The theme is pretty well integrated. The way that the market booths, goods, and the ship interact gives that feel of sailing and trading. It would be hard to paste another theme onto these mechanics and have it makes any sense.

The Bad
Player interaction is fairly minimal. If you pick up a good from a city where another player has the market booth majority, you give him a Taler. At the end of your turn you can decide where to leave the ship. Other than that you are just making tactical decisions based on the board set up that the previous player left you with. With two players, it might be possible to look ahead at your opponents likely next move, and where that will leave you, but with 3, I don't think that would work. You just have to wait to see where things end up and adjust accordingly.

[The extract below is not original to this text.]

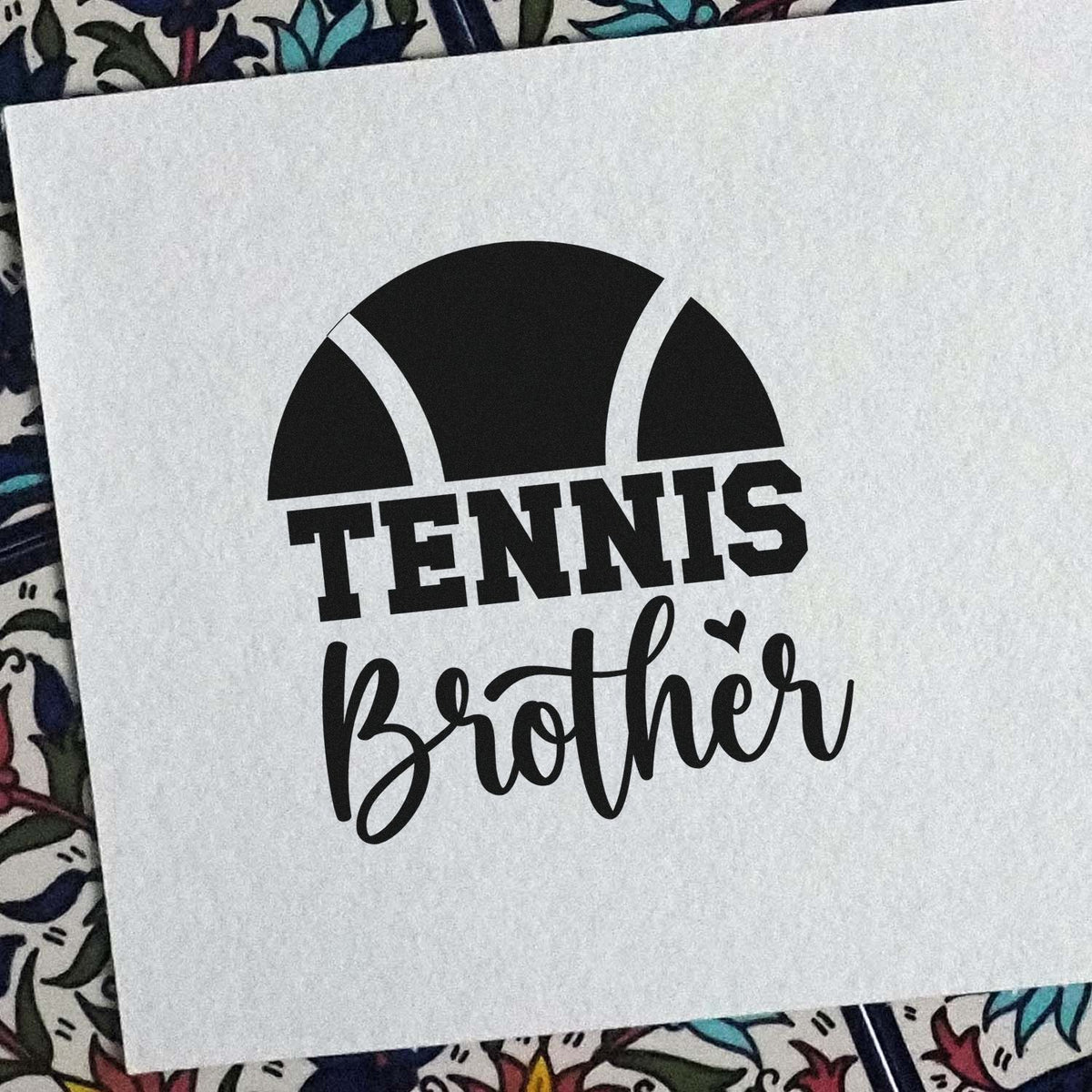 Black custom stamp seal design with tennis ball graphic and Tennis Brother lettering on white paper.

Minor nitpick, but it would have been nice if the goods markers had actual different goods on them (i.e. gems, salt, fish, etc.) rather than being differentiated by color. Would have added more theme to the game, and also would have resolved the minor color blindness issue.

Conclusion
I really enjoyed this game, and I'm curious how it will stand up to repeated play. I have a fear that after playing it 6 or 7 times, the "right" move will always be pretty obvious and the game will play on automatic pilot, but it's possible there is depth I just don't see yet (probably involved with leaving the ship in places inconvenient to other players). The mechanic is enjoyable enough and the game is short enough that even if the strategic depth doesn't hold up, I think it will always be an entertaining filler. Recommended.